Auch gebrauchte Handys
bieten viele Funktionen
Gebrauchte Handys
Gebrauchte Handys sind alles andere als wertlos. Gerade für Nutzer, die lediglich die Grundfunktionen des Mobiltelefons nutzen, sind gebrauchte Handys eine
günstige Alternative zu immer leistungsfähigeren und komplizierteren Neugeräten. Untersuchungen bestätigen, dass ein Großteil der Handy-Nutzer tatsächlich nur einen kleinen Bruchteil der verfügbaren Funktionen nutzt. Das sind vor allem das Führen von Gesprächen sowie das Versenden von Textnachrichten (SMS). Dinge also, die auch die Endgeräte der letzten Generation schon einwandfrei beherrschten. Warum also nicht mal ein Handy gebraucht kaufen?

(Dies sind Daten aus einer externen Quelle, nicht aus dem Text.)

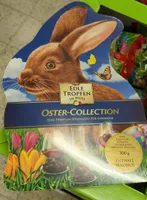 Edle Tropfen in Nuss - Oster-Collection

Handy: Gebraucht oder neu?
Ob das Handy gebraucht oder neu gekauft werden sollte, hängt vor allem von der beabsichtigten
Nutzung ab. Wer sich für sein Mobilfunkgerät die jüngsten technischen Innovationen wünscht, wird an einem Neugerät kaum vorbei kommen. Will man vor allem nur mobil telefonieren, ist ein gebrauchtes Gerät ohne großen technischen Schnickschnack ausreichend. Das ist dann auch viel günstiger.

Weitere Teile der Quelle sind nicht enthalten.